Math was a mystery, never more so than in fall 1970. Freshman calculus. Mr. Peebles was the teacher. He would execute formulae on the chalkboard — his back to us — effortlessly computing, transmuting, unpacking their numeric secrets in an elegant, clinical metamorphosis. It all seemed logical and reasonable as he performed the dance of x and y, variables and integrals. But the goods in his brain did not transfer into mine. Put chalk or pencil in my hand and the formula stared back at me with the same opacity that I encounter when looking under the hood of a car at an engine gone bad.

So it was during that first exam. I scanned the four sheets of problems and diddled long enough that my early exit would not seem abrupt. I remember walking through the large room in which four sections of first-year mathematicians — heads bowed, pencils scratching out equations — calculated on.

A few days later Mr. Peebles scolded us for our dismal performance. “This is college,” he announced, “and if you don’t shape up and get serious, you won’t make it here. In fact,” he added, “you can be certain that one in three of you will fail this course. So just look on each side of you.
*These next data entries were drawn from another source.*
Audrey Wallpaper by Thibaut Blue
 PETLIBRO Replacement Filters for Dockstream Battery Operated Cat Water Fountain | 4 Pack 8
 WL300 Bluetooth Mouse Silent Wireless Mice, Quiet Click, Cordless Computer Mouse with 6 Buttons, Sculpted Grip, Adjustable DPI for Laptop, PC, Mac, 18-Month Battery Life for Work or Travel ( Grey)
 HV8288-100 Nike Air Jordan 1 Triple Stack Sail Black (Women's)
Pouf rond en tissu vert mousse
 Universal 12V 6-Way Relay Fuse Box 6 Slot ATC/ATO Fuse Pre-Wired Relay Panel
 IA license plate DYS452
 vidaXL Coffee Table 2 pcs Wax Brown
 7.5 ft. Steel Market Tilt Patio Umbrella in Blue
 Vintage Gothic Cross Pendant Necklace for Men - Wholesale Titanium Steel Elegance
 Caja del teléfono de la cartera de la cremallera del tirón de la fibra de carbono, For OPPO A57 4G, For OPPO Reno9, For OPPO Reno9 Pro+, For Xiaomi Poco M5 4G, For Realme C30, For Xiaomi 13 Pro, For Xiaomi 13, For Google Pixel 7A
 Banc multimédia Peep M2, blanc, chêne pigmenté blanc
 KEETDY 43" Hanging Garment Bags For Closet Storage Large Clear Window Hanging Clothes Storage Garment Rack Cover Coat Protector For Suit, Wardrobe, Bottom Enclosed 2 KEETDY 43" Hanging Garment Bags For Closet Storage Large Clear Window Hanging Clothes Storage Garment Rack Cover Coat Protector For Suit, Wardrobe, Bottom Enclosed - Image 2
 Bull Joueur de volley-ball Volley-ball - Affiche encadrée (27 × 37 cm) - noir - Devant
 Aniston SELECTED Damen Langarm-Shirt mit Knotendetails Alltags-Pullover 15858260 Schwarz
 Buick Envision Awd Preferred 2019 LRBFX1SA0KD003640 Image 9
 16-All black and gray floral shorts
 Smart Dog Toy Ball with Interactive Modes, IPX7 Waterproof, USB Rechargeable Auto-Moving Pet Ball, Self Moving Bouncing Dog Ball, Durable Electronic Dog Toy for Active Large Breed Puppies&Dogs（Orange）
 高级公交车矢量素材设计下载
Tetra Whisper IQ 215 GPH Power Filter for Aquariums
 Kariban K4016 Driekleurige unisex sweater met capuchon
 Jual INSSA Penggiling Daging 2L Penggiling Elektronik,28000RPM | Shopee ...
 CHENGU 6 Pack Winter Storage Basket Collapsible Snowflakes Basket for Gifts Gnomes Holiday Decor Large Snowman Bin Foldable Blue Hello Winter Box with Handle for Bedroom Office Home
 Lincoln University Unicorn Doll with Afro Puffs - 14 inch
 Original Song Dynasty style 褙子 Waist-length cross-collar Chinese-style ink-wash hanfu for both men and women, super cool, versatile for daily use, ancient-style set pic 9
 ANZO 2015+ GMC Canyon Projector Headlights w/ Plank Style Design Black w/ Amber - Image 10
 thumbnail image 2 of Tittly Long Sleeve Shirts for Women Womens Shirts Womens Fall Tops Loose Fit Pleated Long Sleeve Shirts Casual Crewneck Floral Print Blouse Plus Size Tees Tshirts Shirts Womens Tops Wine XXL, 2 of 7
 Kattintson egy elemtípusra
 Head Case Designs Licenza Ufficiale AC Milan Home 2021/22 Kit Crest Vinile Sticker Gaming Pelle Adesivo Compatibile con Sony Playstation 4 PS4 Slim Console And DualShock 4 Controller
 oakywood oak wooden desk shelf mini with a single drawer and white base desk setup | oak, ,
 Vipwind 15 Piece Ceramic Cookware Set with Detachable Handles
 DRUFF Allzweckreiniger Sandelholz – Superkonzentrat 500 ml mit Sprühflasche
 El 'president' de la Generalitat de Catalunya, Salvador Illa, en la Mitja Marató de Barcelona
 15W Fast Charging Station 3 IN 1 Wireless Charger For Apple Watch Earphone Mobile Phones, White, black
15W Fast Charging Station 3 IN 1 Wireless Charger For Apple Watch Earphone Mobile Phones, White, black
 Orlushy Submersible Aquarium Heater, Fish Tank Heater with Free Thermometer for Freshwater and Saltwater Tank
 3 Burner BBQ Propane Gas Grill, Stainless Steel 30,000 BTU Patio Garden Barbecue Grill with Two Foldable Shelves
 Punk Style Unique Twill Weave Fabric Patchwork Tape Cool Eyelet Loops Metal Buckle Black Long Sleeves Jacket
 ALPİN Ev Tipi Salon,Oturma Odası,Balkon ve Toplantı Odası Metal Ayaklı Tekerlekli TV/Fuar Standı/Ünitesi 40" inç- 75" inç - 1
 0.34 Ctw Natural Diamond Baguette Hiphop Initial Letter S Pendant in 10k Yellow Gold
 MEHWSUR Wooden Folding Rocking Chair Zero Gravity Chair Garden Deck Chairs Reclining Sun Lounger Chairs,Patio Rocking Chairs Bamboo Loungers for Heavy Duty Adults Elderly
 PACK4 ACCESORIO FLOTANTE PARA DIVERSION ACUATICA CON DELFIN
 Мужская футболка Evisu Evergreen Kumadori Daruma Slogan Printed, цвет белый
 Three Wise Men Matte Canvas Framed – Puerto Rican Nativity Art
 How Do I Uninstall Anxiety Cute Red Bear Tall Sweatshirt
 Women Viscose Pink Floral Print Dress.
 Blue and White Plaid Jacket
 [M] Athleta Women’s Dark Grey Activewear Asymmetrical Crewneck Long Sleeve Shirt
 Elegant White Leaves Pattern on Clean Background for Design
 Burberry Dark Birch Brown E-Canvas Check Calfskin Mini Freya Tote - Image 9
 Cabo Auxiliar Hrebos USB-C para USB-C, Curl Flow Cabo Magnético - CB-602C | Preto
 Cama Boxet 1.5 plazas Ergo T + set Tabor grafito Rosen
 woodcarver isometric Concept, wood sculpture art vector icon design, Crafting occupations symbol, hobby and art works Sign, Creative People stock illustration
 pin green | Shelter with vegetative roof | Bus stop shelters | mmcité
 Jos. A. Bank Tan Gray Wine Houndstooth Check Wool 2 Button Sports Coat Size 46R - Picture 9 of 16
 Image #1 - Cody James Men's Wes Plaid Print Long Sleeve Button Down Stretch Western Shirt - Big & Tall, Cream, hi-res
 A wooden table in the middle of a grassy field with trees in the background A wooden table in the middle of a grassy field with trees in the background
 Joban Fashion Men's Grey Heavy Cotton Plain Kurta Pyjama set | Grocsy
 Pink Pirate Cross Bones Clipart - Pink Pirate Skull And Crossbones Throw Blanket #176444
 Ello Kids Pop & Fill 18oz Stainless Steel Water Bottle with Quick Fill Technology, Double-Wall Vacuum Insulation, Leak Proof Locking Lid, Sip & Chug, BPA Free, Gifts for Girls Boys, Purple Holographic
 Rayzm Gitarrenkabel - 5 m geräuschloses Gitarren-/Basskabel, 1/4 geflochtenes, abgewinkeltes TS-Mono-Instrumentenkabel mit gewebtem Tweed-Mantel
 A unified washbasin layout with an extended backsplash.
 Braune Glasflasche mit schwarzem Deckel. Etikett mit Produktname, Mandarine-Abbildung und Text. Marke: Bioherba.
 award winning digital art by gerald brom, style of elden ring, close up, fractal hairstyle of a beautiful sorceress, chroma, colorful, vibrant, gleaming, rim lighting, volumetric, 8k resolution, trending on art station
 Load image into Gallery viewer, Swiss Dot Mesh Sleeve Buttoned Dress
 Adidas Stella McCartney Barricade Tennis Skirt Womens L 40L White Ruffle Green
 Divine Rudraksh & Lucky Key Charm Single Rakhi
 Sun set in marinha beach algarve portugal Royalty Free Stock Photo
One of you three will not make it. Count on that.”

I had scored 12 out of 50 on that exam. So I alerted the strangers sitting beside me. “Don’t worry,” I told them. “I’ve got our threesome covered.”


She asked me to stay after class. Ms. Ciske. She was a graduate student teaching Freshman Comp & Lit. I had gotten another bad grade. So as everyone else shuffled out of the congested O’Shaughnessy Hall classroom, I stayed in my seat. She wanted to know if I knew why I kept getting bad grades. I didn’t tell her I had lately been complaining to roommates about her.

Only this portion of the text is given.